Randomized Atomic Feature Models for Physics-Informed Identification of Dynamic Systems
For engineers and researchers in system identification, this work provides a scalable, interpretable method that incorporates physical priors to compensate for limited data, though it is an incremental extension of random Fourier/Laplace features to damped systems.
The paper introduces a physics-informed system identification framework using randomized stable atomic features, representing impulse responses as superpositions of damped complex exponentials. It formulates identification as a convex regularized least-squares problem with constraints, demonstrating improved impulse-response recovery under poor excitation conditions.

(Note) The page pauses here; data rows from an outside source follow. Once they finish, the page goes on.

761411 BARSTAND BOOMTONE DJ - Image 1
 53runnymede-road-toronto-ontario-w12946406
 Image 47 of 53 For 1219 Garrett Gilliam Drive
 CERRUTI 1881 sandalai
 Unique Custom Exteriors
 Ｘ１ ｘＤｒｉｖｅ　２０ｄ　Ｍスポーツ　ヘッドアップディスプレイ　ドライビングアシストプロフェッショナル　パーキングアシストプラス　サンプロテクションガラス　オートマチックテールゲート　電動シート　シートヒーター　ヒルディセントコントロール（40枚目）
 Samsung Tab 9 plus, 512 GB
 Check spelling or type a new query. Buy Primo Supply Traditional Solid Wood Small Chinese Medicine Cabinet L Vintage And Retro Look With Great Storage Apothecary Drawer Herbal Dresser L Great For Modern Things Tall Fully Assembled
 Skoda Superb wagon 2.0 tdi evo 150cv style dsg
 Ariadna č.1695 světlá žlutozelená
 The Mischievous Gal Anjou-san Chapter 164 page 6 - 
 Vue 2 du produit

We present a physics-informed framework for system identification based on randomized stable atomic features. Impulse responses are represented as random superpositions of stable atoms, namely damped complex exponentials associated with poles sampled inside a prescribed disk. Identification is then cast as a convex regularized least-squares problem with optional linear, second-order-cone, and KYP constraints. The approach generalizes random Fourier and random Laplace features to the damped, nonstationary regime relevant to engineering systems while retaining modal interpretability and scalable finite-dimensional computation. The main analytic point is an operator-theoretic Disk-Bochner viewpoint: positive measures over stable poles generate positive-definite kernels with a radius-dependent shift defect, while a converse scalar disk moment representation for an arbitrary kernel is characterized by subnormality of the canonical shift. We prove this statement, establish an RKHS-to-l1 embedding, show that sampled poles induce a valid finite atomic gauge, discuss random-feature convergence, and state sparse-recovery guarantees conditionally on the restricted-eigenvalue properties of the realized disk-Vandermonde or input-output design matrix. We also connect the normalized transfer function problem to Nevanlinna-Pick interpolation and LFT set-membership. The framework directly encodes stability margins, modal localization, DC-gain bounds, monotonicity, passivity, relative degree, settling-time targets, and time/frequency-domain error bounds. Numerical comparisons illustrate how physically meaningful priors can compensate for poor excitation and improve constrained impulse-response recovery in an under-informative data setting.